BEST MODE FOR CARRYING OUT THE INVENTION
FIG. 1 is a schematic representation of an attenuator 10 in accordance with
the present invention. Attenuator 10 is formed from a fixed junction
circulator 12 connected to an input port (P1) 14, an out put port (P3) 16,
and an intermediate port (P2) via respective sections of transmission line
18 and 20. One end of another section of transmission line 22 is connected
to the circulator at P2, and the other end of transmission line 22 is
connected to a termination load 24. Transmission lines 18-22 can be
implemented as waveguides (such as described in the embodiments below),
coaxial cable, or microstrip devices. At least one variable tuning element
26 is coupled to transmission line 22 between P2 and the termination load
to vary the amount of attenuation as further described below.
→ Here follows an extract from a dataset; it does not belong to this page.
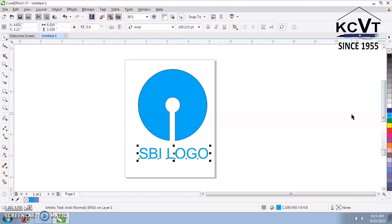So, this is the process how to create SBI logo in CorelDRAW.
Alternatively, a tunable section of transmission line could be employed
depending on the type of transmission line used.
Circulator 12 is constructed in accordance with well known design
principals as a fixed junction type circulator to controllably route
signals between respective pairs of the three ports P1, P2, and P3. While
not to be construed as limiting, circulator 12 could be formed as a
stripline junction circulator in which two ferrite disks fill spaces
between a center metallic disk and ground planes of the stripline, and
three stripline conductors are attached in 120 degree increments about the
periphery of the center disk. Circulator 12 operates to produce electrical
properties which cause microwave energy injected into an input port 14 to
be transferred to a port P2 interfacing between circulator 12 and
transmission line 22 without any significant decrease in magnitude. From
port P2, the energy propagates through transmission line 22 toward load
24.
In accordance with the present invention, the tuning element(s) 26 operate
as a de-tuned filter allowing a portion of the signal energy to pass and
propagate into load 24 for dissipation in the form of heat. The remaining
portion of signal energy is reflected back to port P2 of circulator 12 for
subsequent transfer/routing to an output port 16 without any significant
decrease in magnitude. Thus, the energy available at port 16 equals the
incident energy at port 14 minus the energy dissipated in load 24,
allowing for a very small and negligible insertion loss in circulator 12.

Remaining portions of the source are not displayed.